This is why its so much easier to buy a new car than a used car. You simply have more information on the new car and it comes with the least risk.
You cannot make any assumptions. Dealers get their used cars from trade-ins, direct purchase from private sellers (really no different than a trade-in) and also at auctions. If you attended an auction, you would see what vehicle x sold for - but not the dealer reconditioning expense. You could put yourself in the dealer's shoes and ask "what would I pay wholesale for such a car and still expect to sell at a profit" - but this requires more knowledge than most customers have of the used car market at any point in time and the information is a snapshot that changes quickly. What you would know 3 months ago would be obsolete by now.
In addition, unlike new cars, every used car is different and a product of how it was driven and maintained (and repaired, in the event of accidents).
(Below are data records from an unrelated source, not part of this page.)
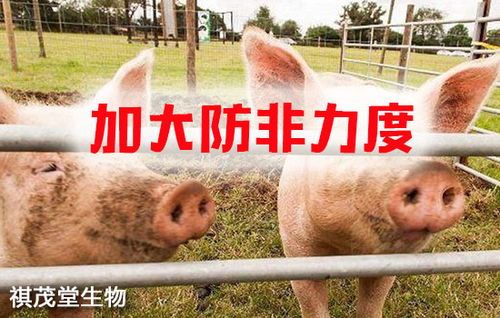 筑牢生物安全屏障 抓實關鍵措施，防控重大疫病，保障畜牧漁業飼料銷售穩定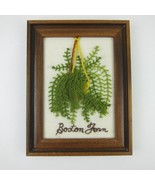 Vintage Crewel Embroidery Boston Fern Green &amp; Brown Dark Wood Frame 9x7 - £23.97 GBP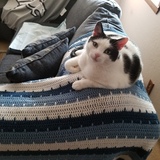 Entry image for Roscoe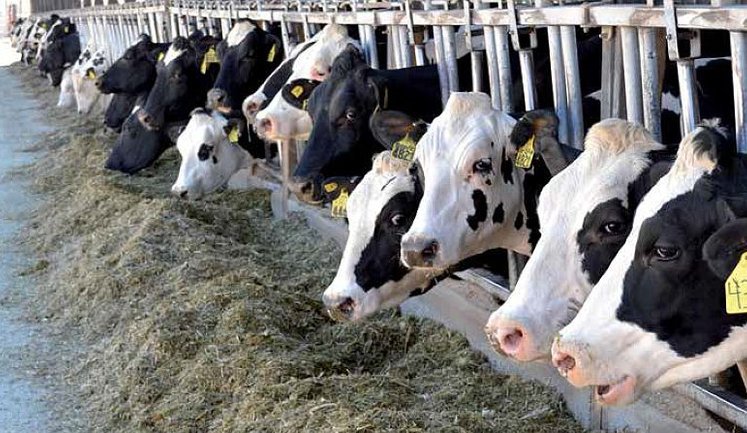 Поголів’я корів в Україні зменшується, але у промисловому секторі ‒ зростає, ‒ Держстат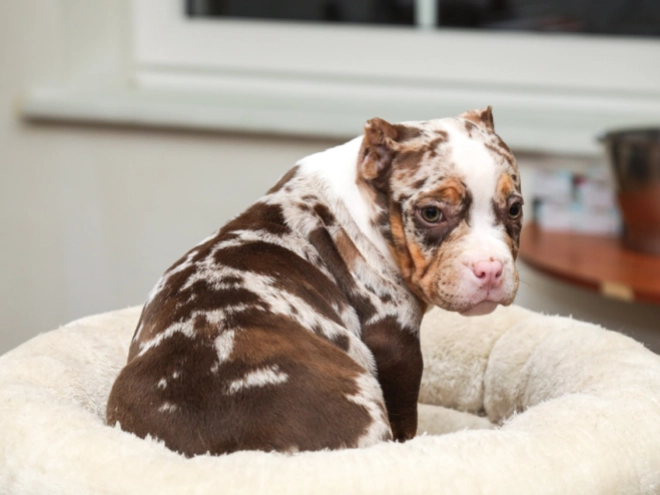 Perros American Bully en venta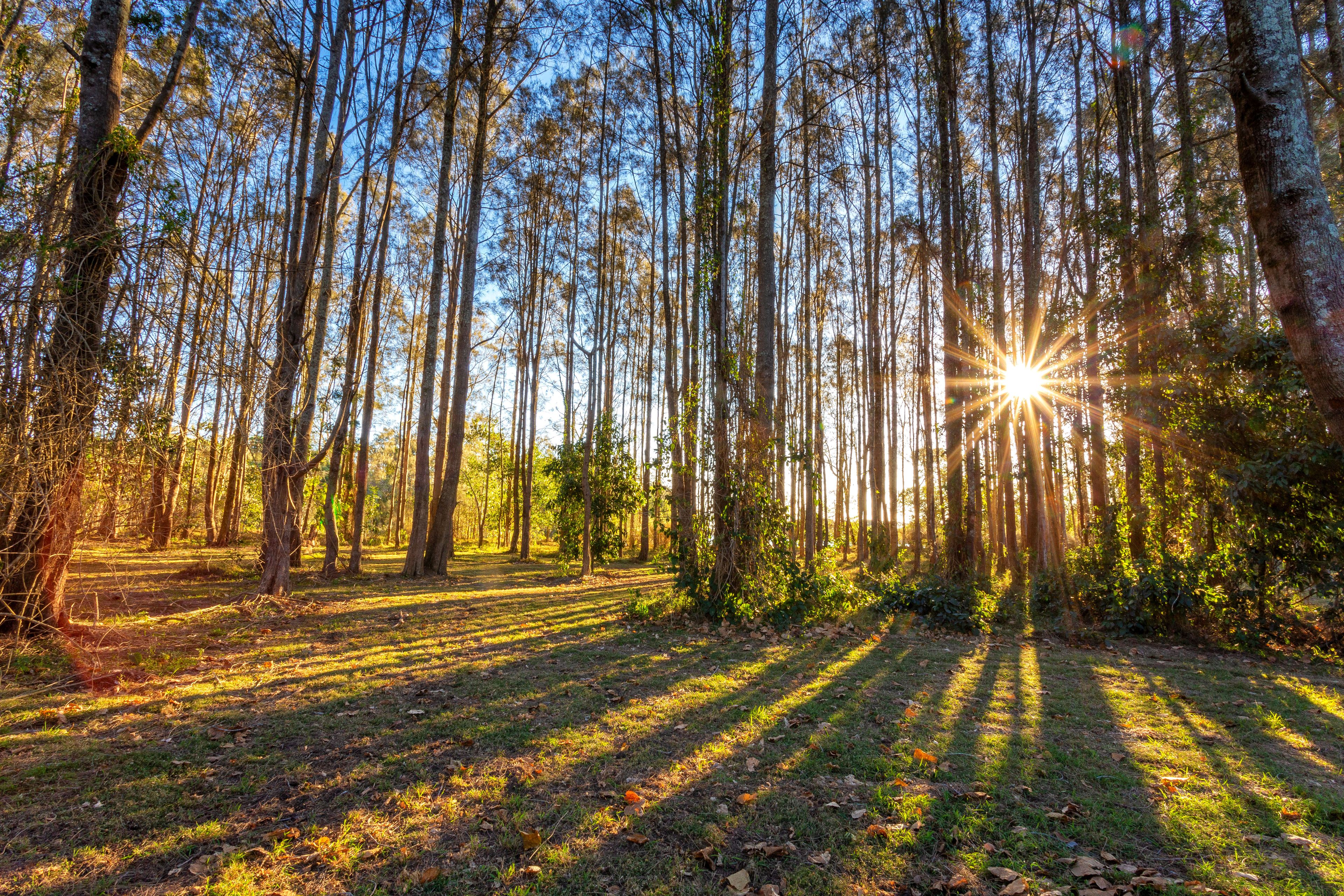 16 Cabbage Tree Island, Old Bar, NSW Rural Rural Sold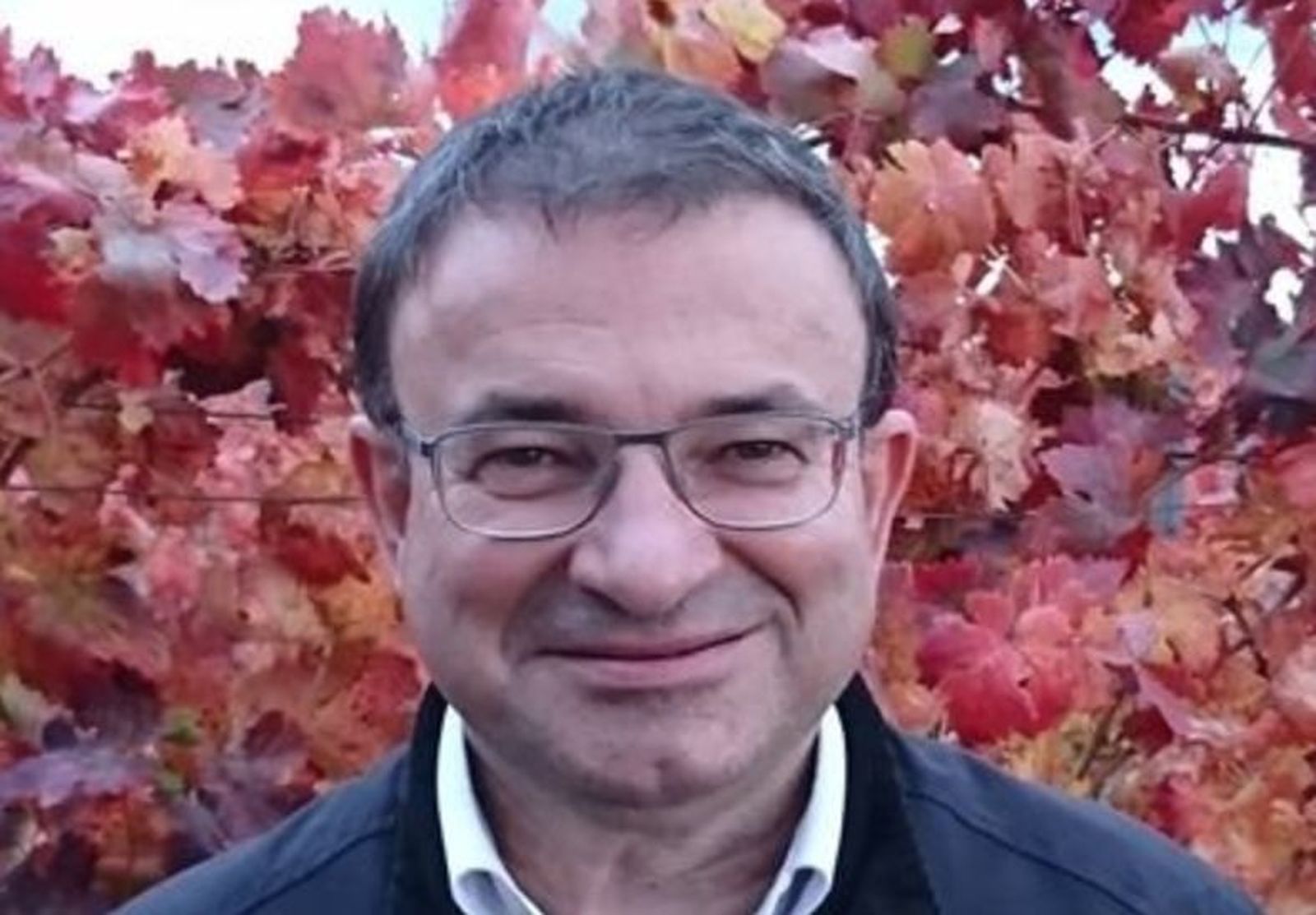 Carlos García de Andoin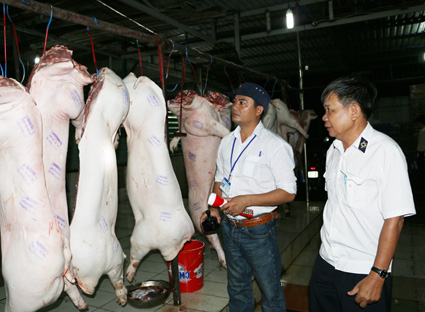 Thành phố Vũng Tàu Bất cập trong quản lý giết mổ gia súc, gia cầm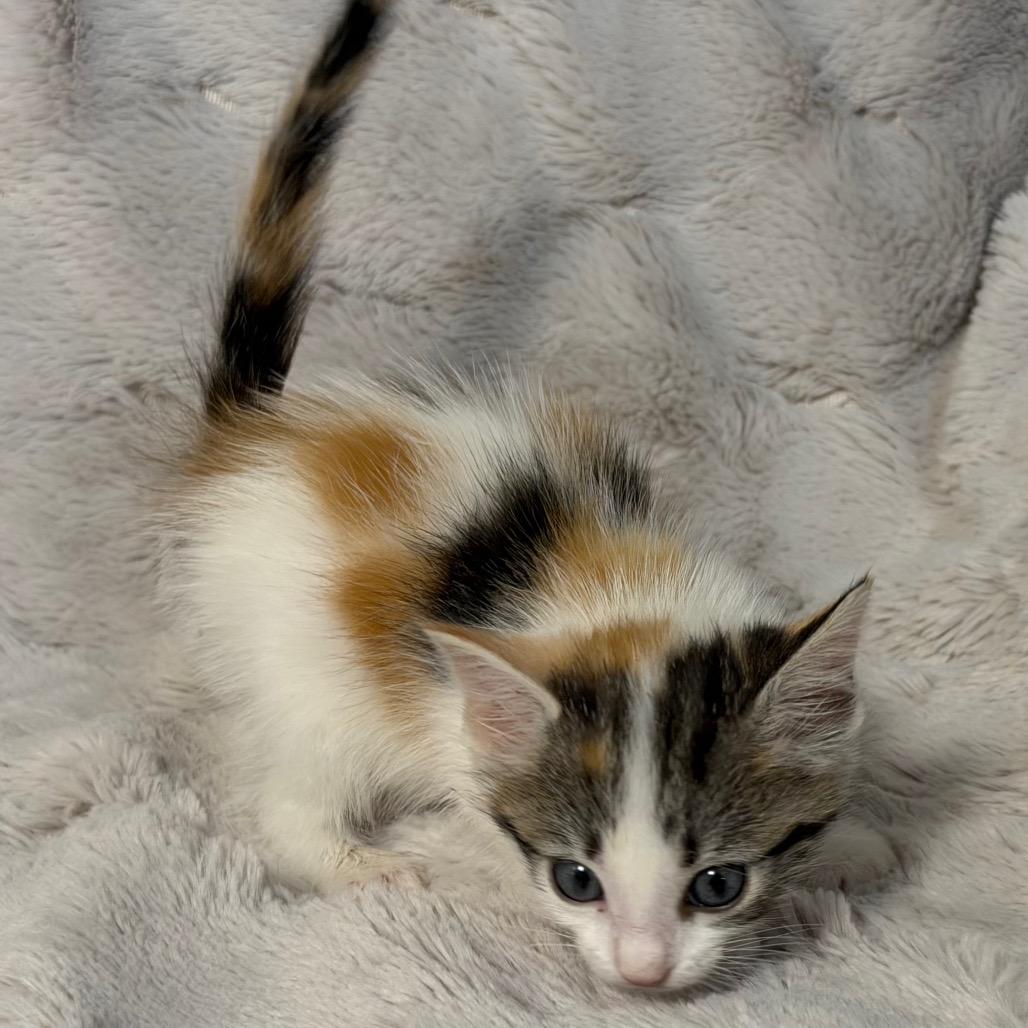 Enlarge Rose, a Adoptable Domestic Short Hair in Flower Mound, TX image 3/6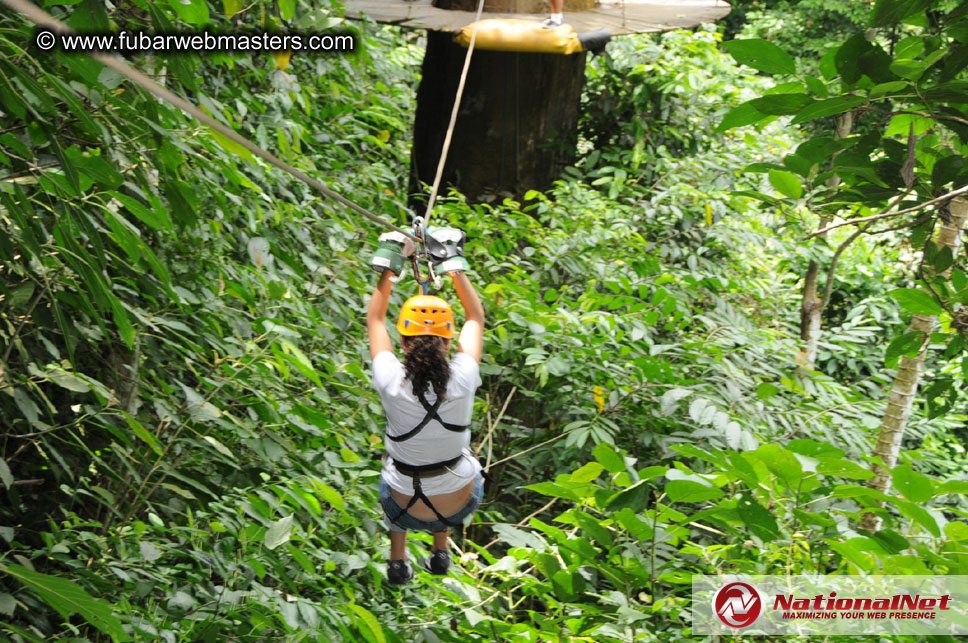 Rainforest Canopy Tours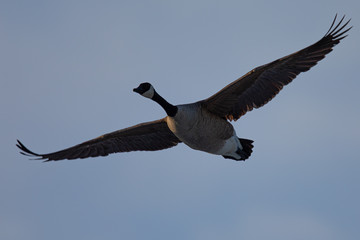 Canada goose flying, seen in the wild near the San Francisco Bay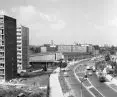 ulica Czarnowska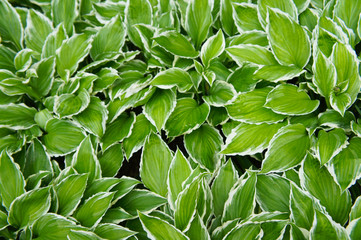 Hosta francee green leaves with a white margin background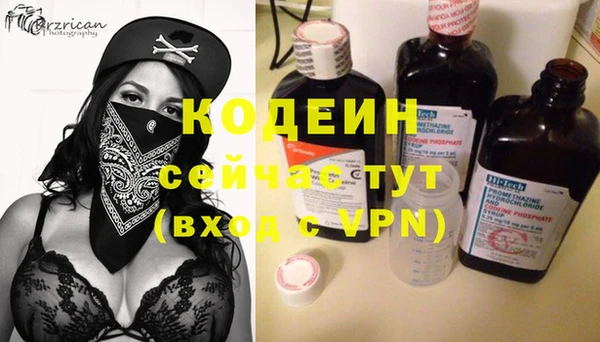 молекула духа Нягань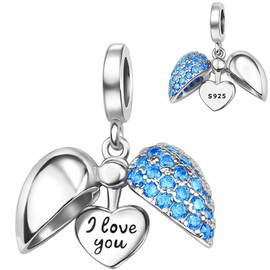 Ruishiqi 925 sterling silver bracelet and necklace pendant December series/Birthstone Charm Bead Women's Jewelry Gift Suitable for Women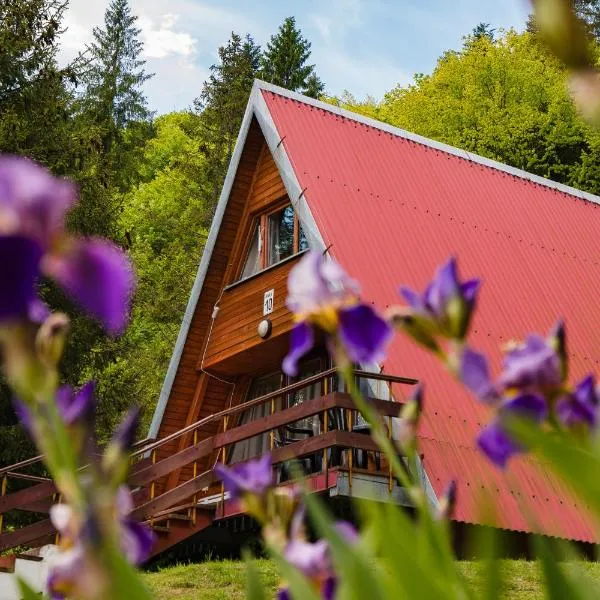 Perełka Bieszczady Domki, Hotel in Cisna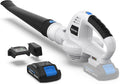 Cordless 20V MAX Lithium Battery Electric Leaf Blower Light Duty 150 MPH 2.0 Ah Battery & Charger Included Pack of 2 F79068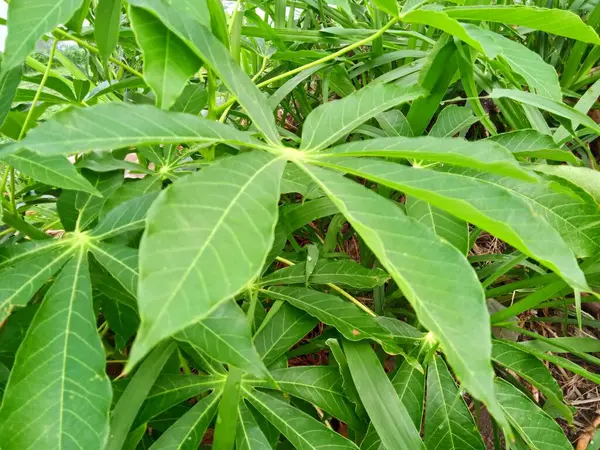 Cassava yaprakları taze yeşildir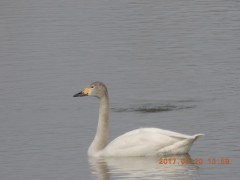 DSCN7315.JPG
The best thing to do is to focus less on the price and more on finding the best condition example that you can find and have a pre-purchase inspection performed by a mechanic. Try to get full maintenence records. Once the car passes those tests, negotiate for the best price you can get. "Asking" prices are just that - asking. Having bought dozens of used cars over the last 40 years for myself and my family, I have paid less than 60% of asking price on a great car 3 years old with 25K miles. But I've also paid as much as 85% once. And I've also had very reasonable offers turned down too and then bought new because it made more fiscal sense for that model. Don't begin a negotiation until you are serious, and don't be afraid to walk if the price isn't right.